Но потом мне разонравилась такая версия моей матери. И я в любом случае не пользовалась косметикой – я выглядела так странно, что косметика не помогла бы; люди все равно не стали бы думать, глядя на меня: «Эй, а она ничего себе!» – вместо того чтобы гадать: «Что это случилось с ее лицом?»

– Чего ты от нее хочешь, Ферн? Она умерла, – как-то раз сказал Олли во время нашего обычного спора.

По правде говоря, я не знаю. Ничего из того, что мне известно о ней, не имеет смысла. Мне рассказывали о маме так много совершенно разных вещей, что она кажется какой-то абстрактной картиной. Веселая, скрытная, страстная, ледяная… Как может в одном человеке совмещаться все это? А если я не могу разобраться, кем она была, как мне понять, какой могла стать я сама, будь она жива? Так много «а что, если бы», и так мало информации.

Церковный колокол пробил восемь, для меня это сигнал, что можно уходить. Мне придется поспешить, чтобы не опоздать в школу.

– Пока, мам, – шепчу я, в последний раз касаясь мрамора, и закидываю на плечо школьную сумку.

Я натягиваю капюшон на голову, когда замечаю его. Олли крадется вдали, выражение его лица такое же непроницаемое, как всегда. Я вдруг остро ощущаю тишину кладбища. Ничего он мне здесь не сделает, говорю я себе. Даже Олли не может пасть так низко, верно ведь?

Взяв себя в руки, я обхожу могилы, вместо того чтобы выйти на дорожку, по которой идет Олли. Я не слежу за ним, но чувствую, как он приближается к маме. Мы с ним две луны, что вращаются вокруг планеты наших различий. Мутная ненависть заполняет пространство между нами, она давит на мою спину, когда я ухожу.

Увидев нас вот так, вы бы никогда не подумали, что мы близнецы.

Я выхожу на заднюю дорогу, чтобы не проходить мимо Уонстед-Флэтс. Мои мысли возвращаются к Олли. Когда он начал в одиночку ходить на могилу мамы? У моего популярного, красивого брата никогда не было времени на то, чтобы горевать, он никогда прежде не испытывал потребности поверять что-то умершей женщине.

Когда я дохожу до станции и миную турникеты, в моей сумке начинает вибрировать телефон – получено сообщение. Могу поспорить, это папа с одной из его попыток мотивационных шуток, – но потом снова думаю об Олли и проверяю телефон. Может быть, это какое-то объяснение его поведения или, скорее, язвительное замечание насчет того, что умершая мать – моя единственная подруга.

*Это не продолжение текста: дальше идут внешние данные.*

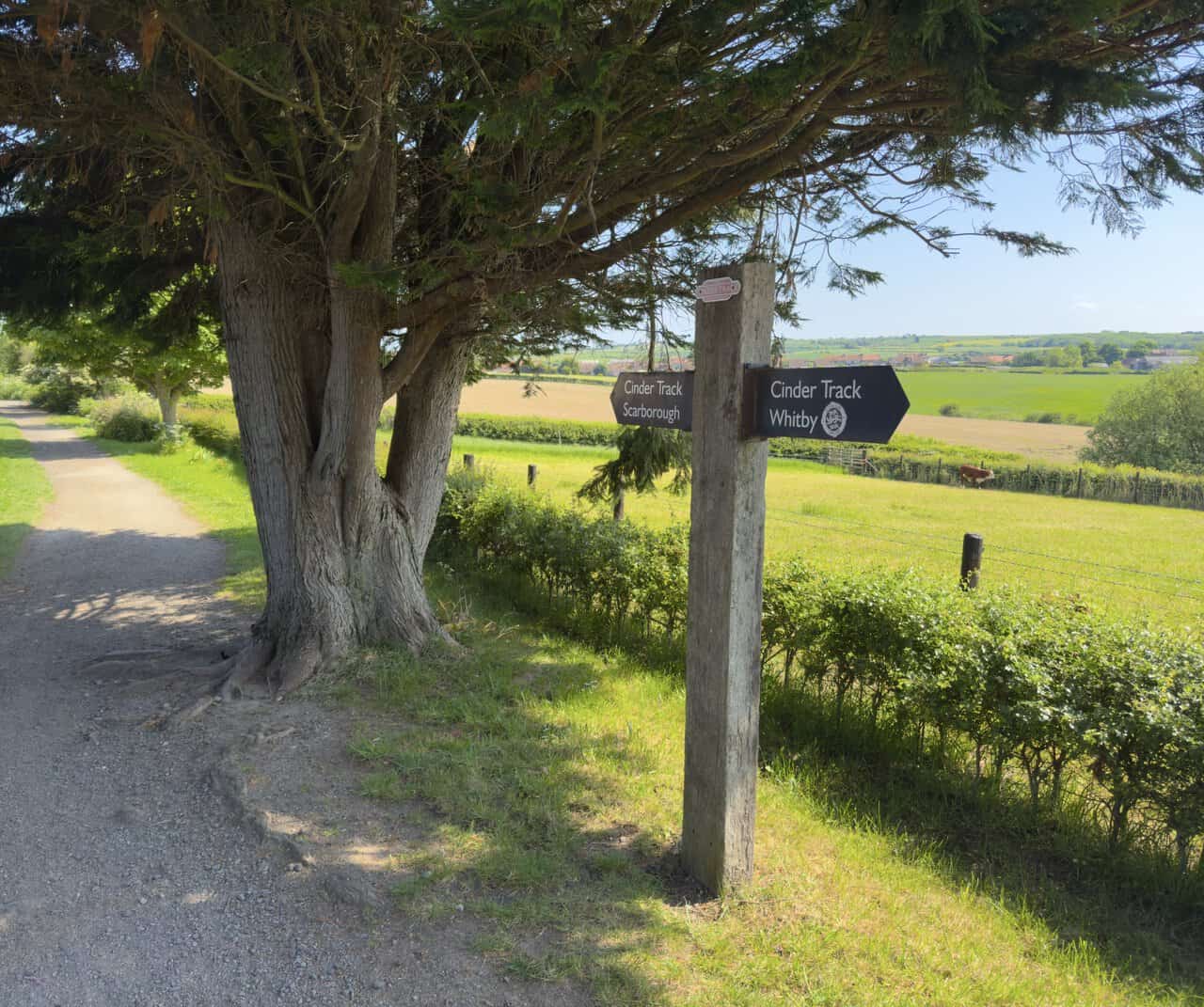 A Cinder Track signpost marks the Whitby walk at Hawsker, pointing towards Whitby and Scarborough.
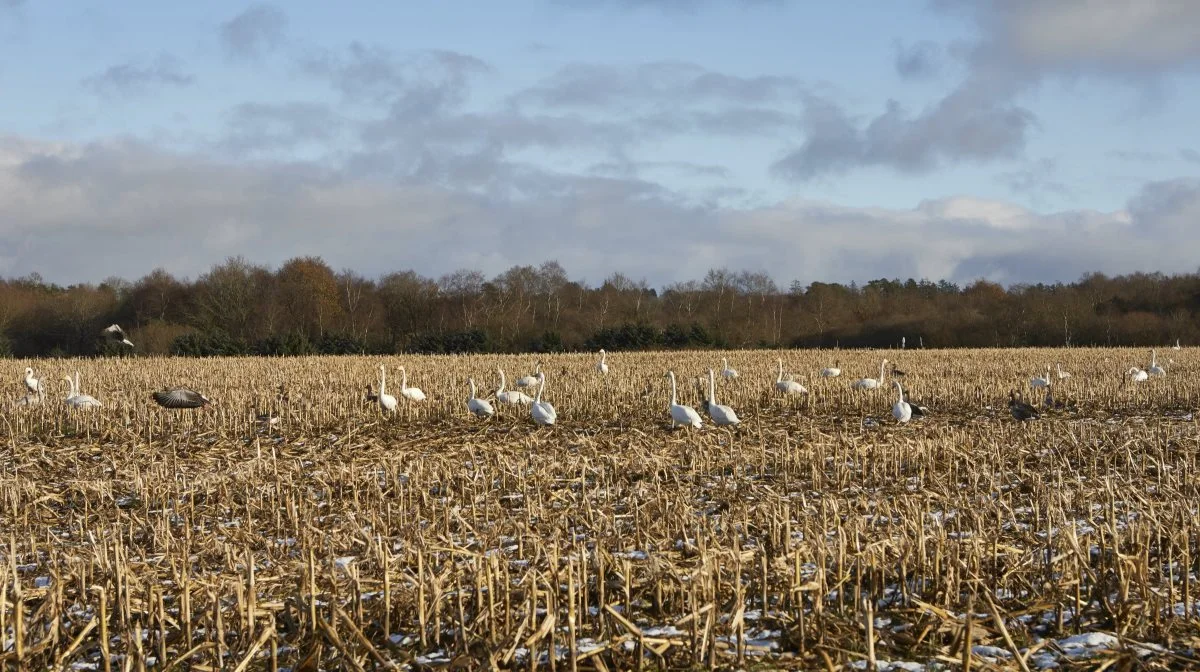 Viborg Kommune og virksomheden BioCirc Group ApS vil i fællesskab udvikle en såkaldt landbaseret energi-ø. I første omgang går det ikke ud over gæssene, der lever i området, men på længere sigt er planen, at gæssenes marker bliver inddraget.  Arkivfoto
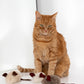 Natural Sheepskin Cat Toy: Mouse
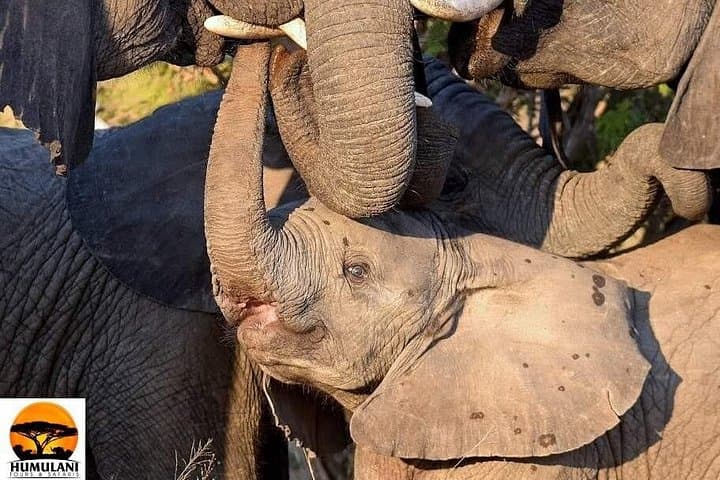 2-Day Kruger Park Overnight Safari from Johannesburg — 1 Night Wildlife Package photo 3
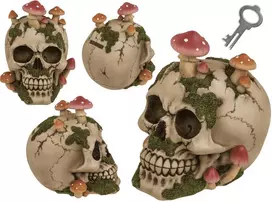 Kaukolės formos taupyklė "Mushroom"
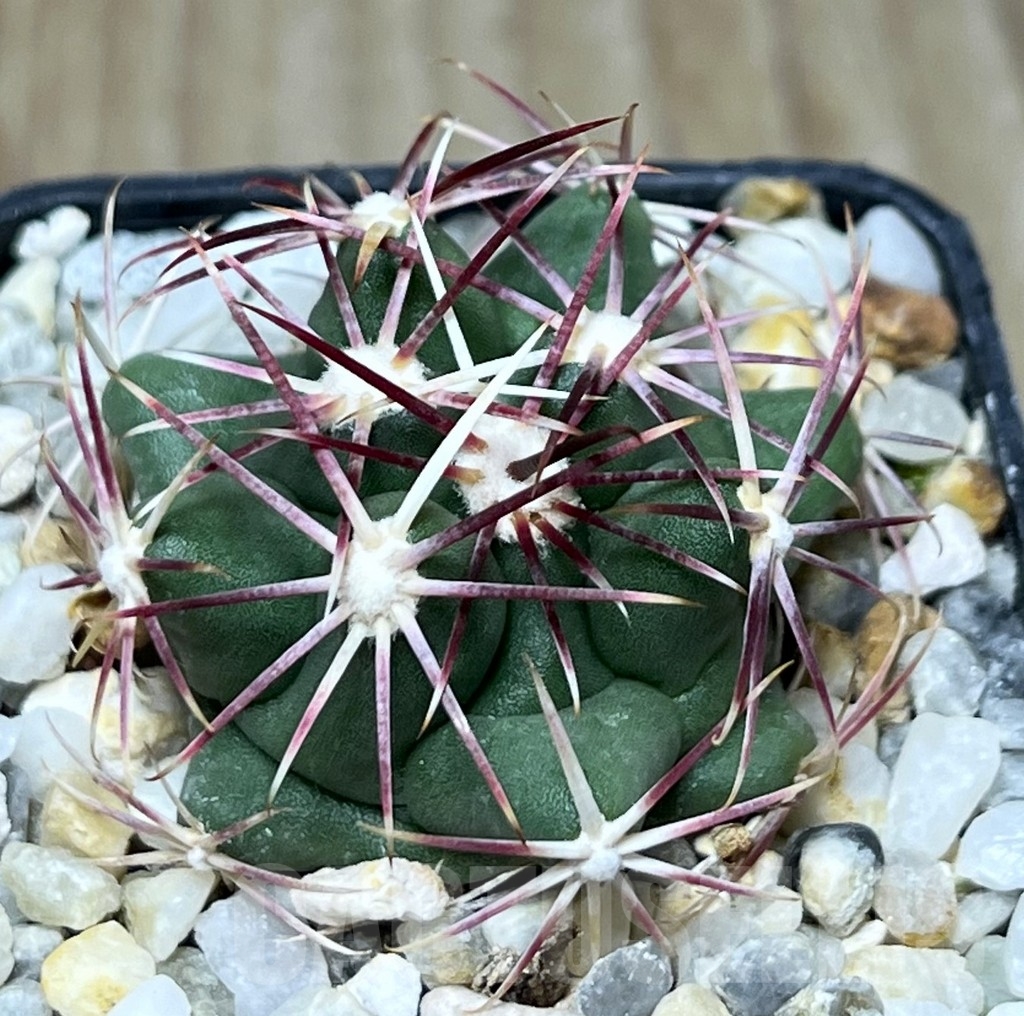 SHPR19012 Thelocactus heterochromus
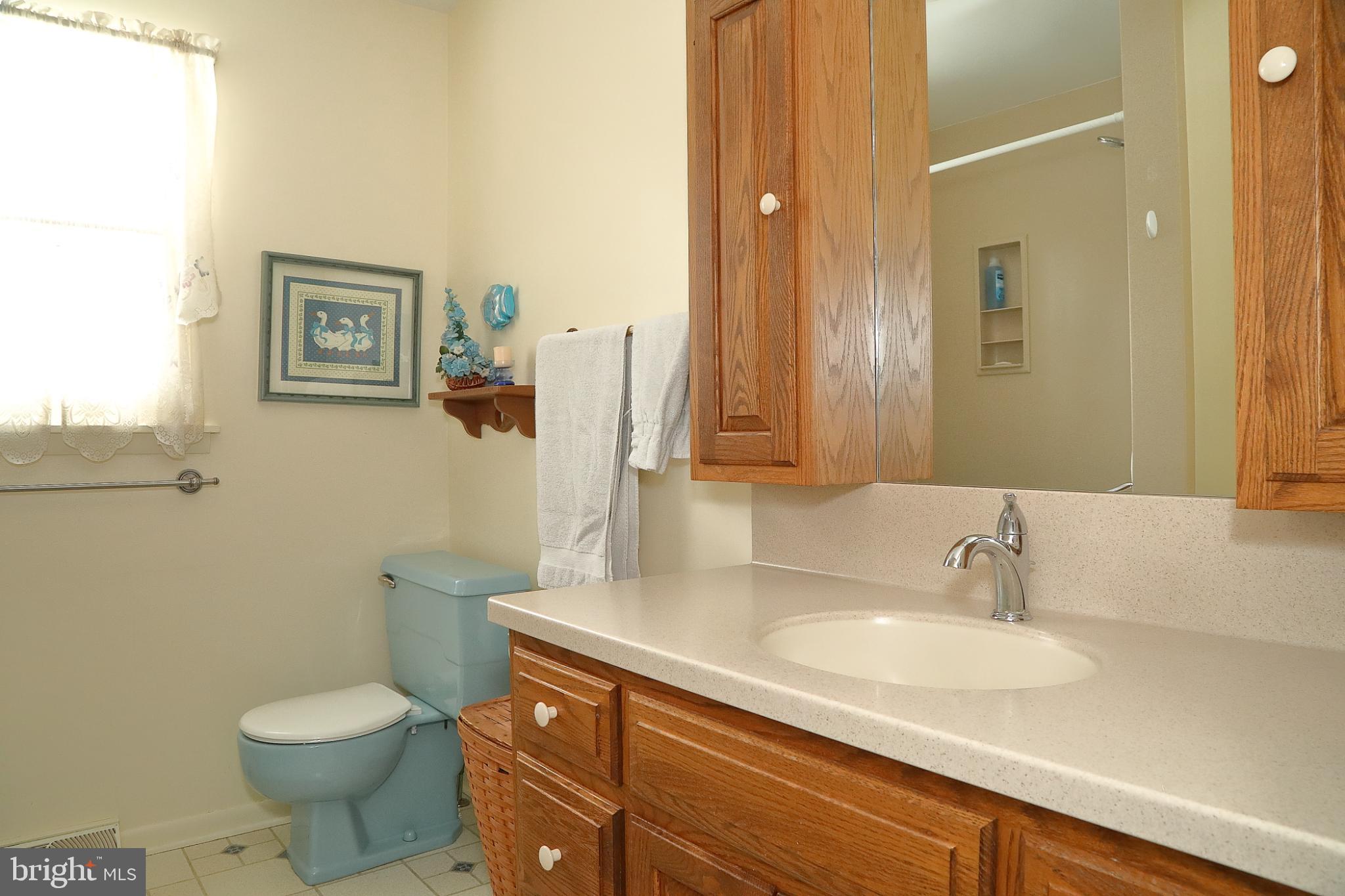 213 North Locust Street Lititz, PA 17543 - Photo 15 of 22 Bright and inviting bathroom with classic charm.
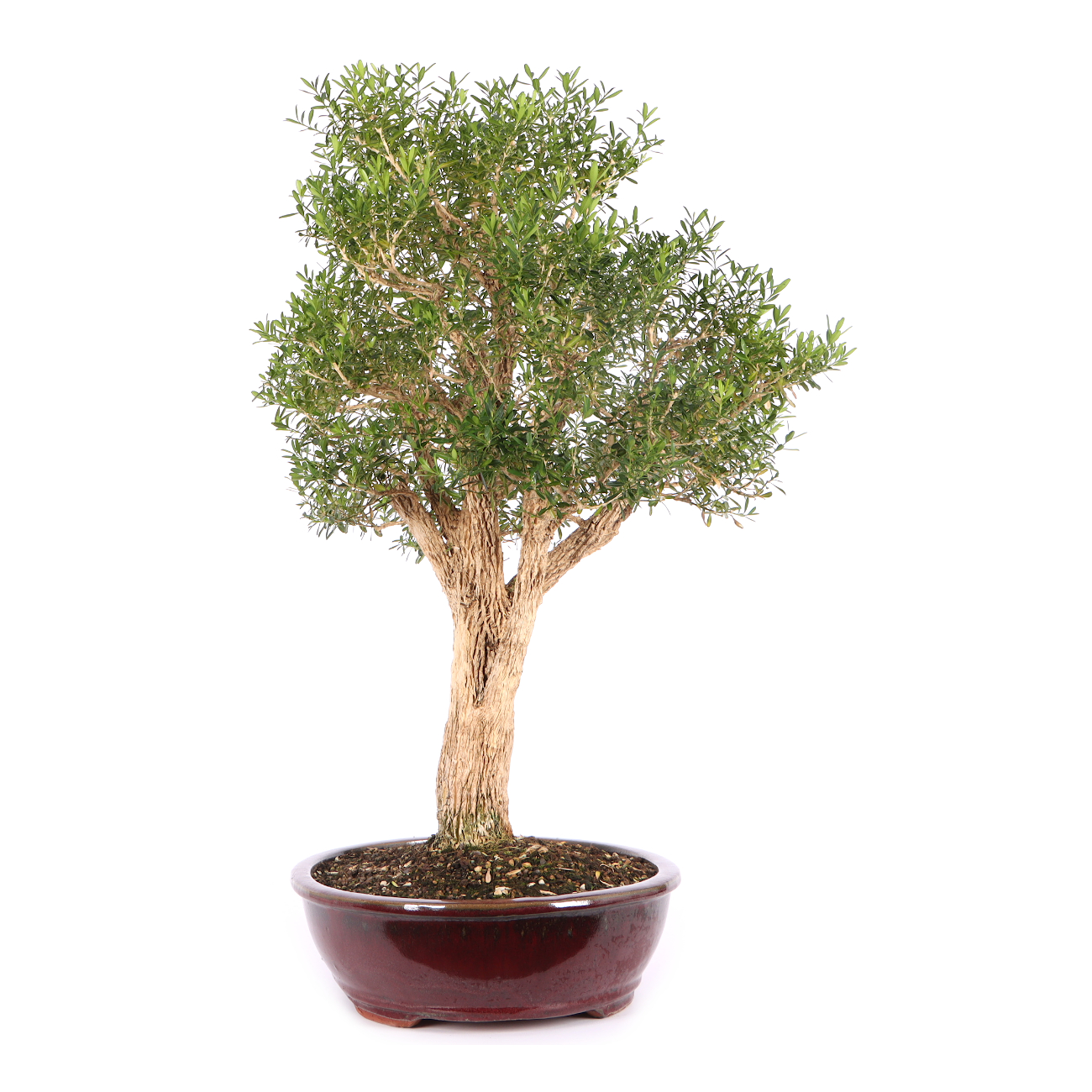 Buxus sinica var. sinica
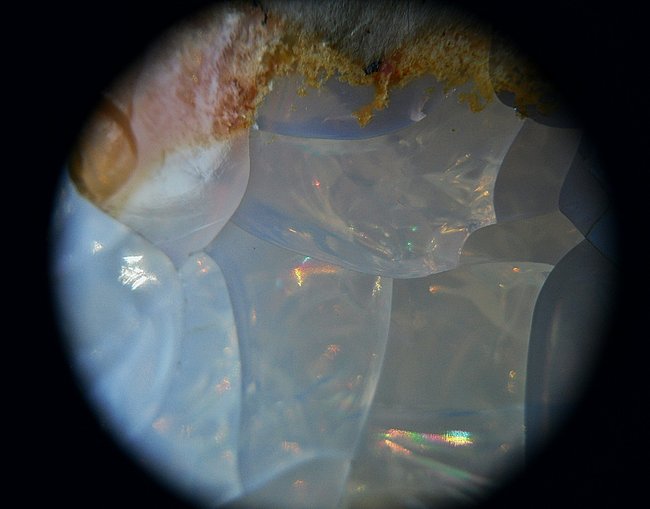 feueropal_ausschn., nevada, usa2.jpg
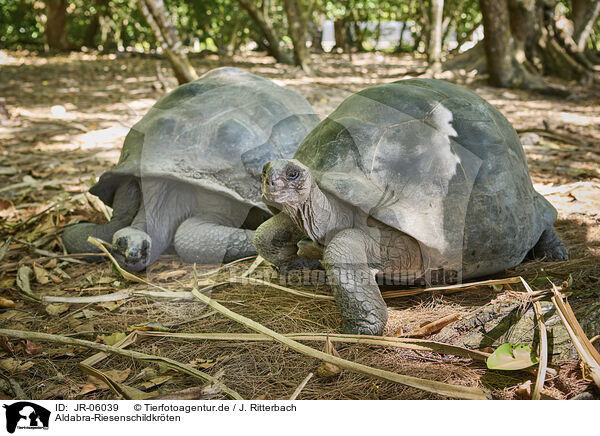 Aldabra-Riesenschildkrten / JR-06039
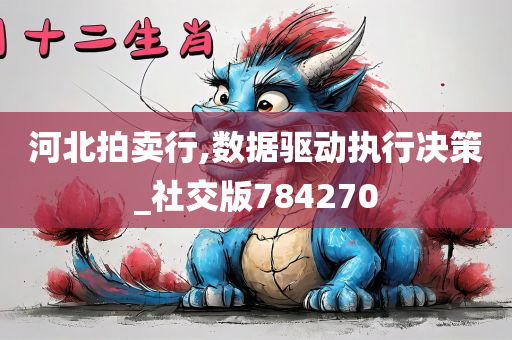 河北拍卖行,数据驱动执行决策_社交版784270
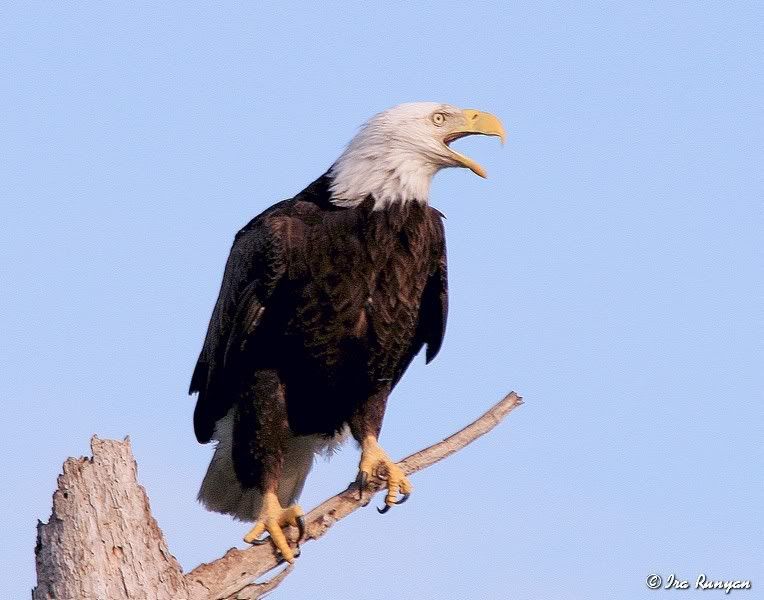 BaldEagle_9908.jpg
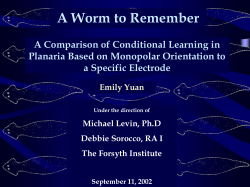 Emily Yuan, (FEO Program, 2002) "A worm to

«Я буду думать о тебе этой ночью».

Это не от Олли и не от папы. Я вскидываю брови, отвечая неведомому адресату: «Ошиблись номером».

Сегодня ночью – Хеллоуин, и, похоже, кто-то задумал нечто особенное. Что ж, удачи им. Мое участие состоит в том, чтобы переодеться в пижаму, как только это будет возможно, и заняться подготовкой к тестам по истории.

В метро я привычно не замечаю любопытных и жалостных взглядов попутчиков и таращусь на первую страницу газеты «Метро» в чьих-то руках. На ней написано: «Рейтинг Себастьяна Мидраута[1 - Мидраут – валлийская форма имени Мордред. Так звали одного из отрицательных персонажей легенд о короле Артуре.] взлетает». Но фотография несправедлива к политику – или, по крайней мере, к его глазам. Я видела его лично, вне школы. У него темно-фиолетовые радужки – что-то между аметистом и сапфиром, – при виде их велосипедист мог бы врезаться в фонарный столб из-за того, что обязательно посмотрел бы во второй раз. Мидраут всегда со смехом отрицал, что это линзы, и я всегда ему верила. Я слишком хорошо знаю, что глаза действительно могут иметь самый разный цвет.

Сейчас же я могу прочитать лишь кусочек статьи.

«В последние годы Мидраут эффектно вернулся, чтобы снова пленить сердца и умы нации…»

В общем, типичная пустая болтовня.

Человек, в чью газету я заглядывала, ловит мой взгляд и раздраженно шелестит страницами. Я сопротивляюсь желанию сказать ему, что газеты можно (о ужас!) читать не один раз, и достаю из сумки альбом для рисования. Одно и то же лицо, изображенное углем и акварелью, вообще всем, что подворачивается мне под руку, возникает почти на каждом листе, – женщина, лишенная возраста, ее тонкие черты пересечены шрамами, и лицо окружено растрепанными волосами. Я хочу придать цвет ее гриве, но, должно быть, забыла дома оранжевый карандаш. Черт.

Выйдя на Слоун-сквер, я заглядываю в сумку, чтобы достать телефон и проверить время. А там снова сообщение с неизвестного номера.

«Ты никогда не задумывалась о смерти твоей матери, Ферн?»

Я застываю на середине тротуара, и какой-то мужчина, проходя мимо, бросает на меня бешеный взгляд.